Data for processing

▼

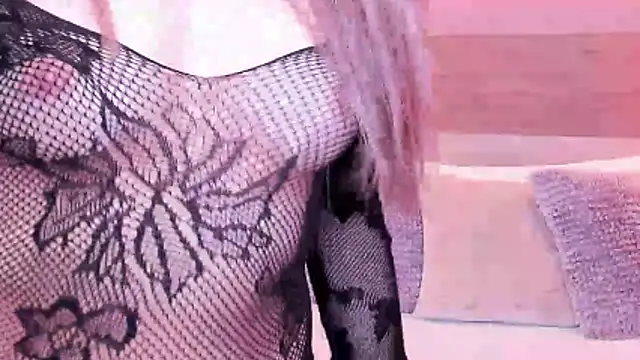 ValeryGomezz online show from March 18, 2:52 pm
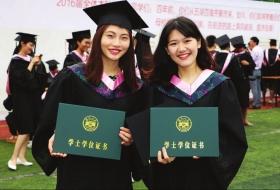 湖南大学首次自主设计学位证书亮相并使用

▲
▼

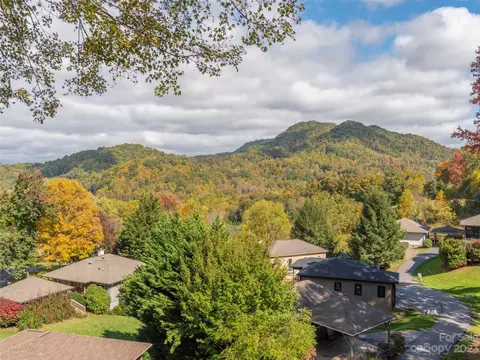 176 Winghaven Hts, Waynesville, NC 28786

▲
▼

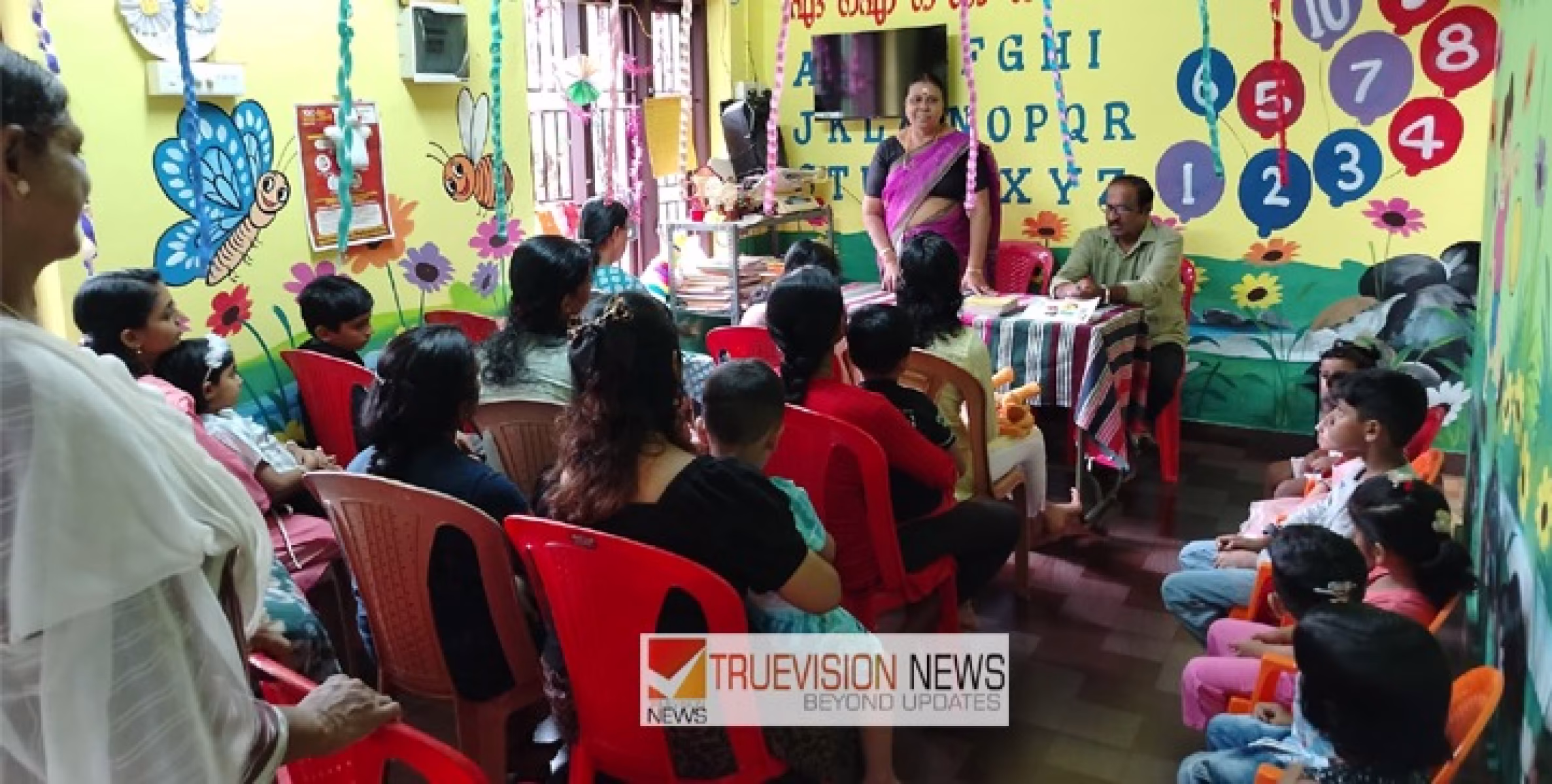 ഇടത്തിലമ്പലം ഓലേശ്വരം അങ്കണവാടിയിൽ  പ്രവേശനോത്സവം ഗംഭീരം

▲

Your assignment
Only one stretch of the entries above is needed: the lines from the one containing "ValeryGomezz online show" through the one containing "湖南大学首次自主设计学位证书亮相并使用". Copy it exactly, without the pictures.

Your solution
 ValeryGomezz online show from March 18, 2:52 pm
 湖南大学首次自主设计学位证书亮相并使用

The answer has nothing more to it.